As is so often the case at this time of year (usually related to 48 Hours commitments) I am a little behind on my reviewing. This weekend I caught up on a lot the actual watching (although apologies to John Davies who sent me a screener of Remembrance that I haven’t yet sat down and watched) so now I will try and rustle up another one of my trademark collections of “Capsule Reviews of Questionable Utility”.
Of all the movies I’ve seen so far this year, Linklater, Delpy and Hawke’s Before Midnight (after three movies I think it’s fair to credit authorship severally) is the one that has stuck in my brain the longest. In it, we catch up with the lovers from Before Sunrise (1995) and Before Sunset (2004) as they reach the end of an idyllic vacation in Greece. Hawke’s Jesse is wondering whether he should try and spend more time with his teenage son who lives with his mother in the States. Delpy’s Celine is about to start a dream job back in Paris where they currently reside with their two adorable daughters.
They are at a crossroads but, as the film makes clear, when are we ever not? Delpy is magnificent, creating a wondrous, beautiful, insecure, infuriating and righteous woman who is simultaneously proud and frustrated at the role she has found herself playing. Watching her I was thinking about a couple of relationships of mine that I ended. Maybe I was a little bit hasty. Maybe I wasn’t really listening.

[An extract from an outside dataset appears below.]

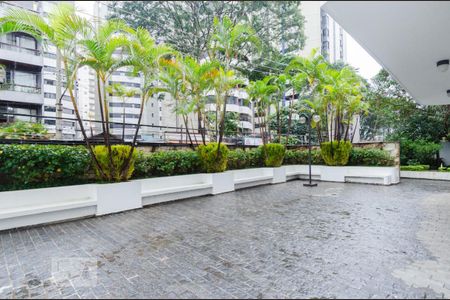 Apartamento à venda com 228m², 4 quartos e 3 vagasÁrea Comum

The fortunes of the Western rise with the tide of American cinema. During the 70’s indie renaissance we got rugged classics like The Great Northfield Minnesota Raid and The Long Riders, then in the 80’s and 90’s Clint Eastwood re-examined his own mythic West in Pale Rider and Unforgiven . (The less said about Young Guns 1 and 2 the better.)
The past 12 months have offered us two Westerns that are as good as any of the last 30 years: The Assassination of Jesse James and James Mangold’s homage to the classic 3:10 to Yuma which opened in Wellington last week.
Yuma is a story (by Elmore Leonard) with great bones: poor, honest, rancher Christian Bale is suffering because of the drought and for $200 takes on the desperate task of escorting captured outlaw Russell Crowe to Contention City, where he will catch the eponymous train to the gallows.
But Crowe’s gang are on the way to liberate him and Bale’s support is dwindling to nothing. The tension rises as the clock ticks towards three o’clock.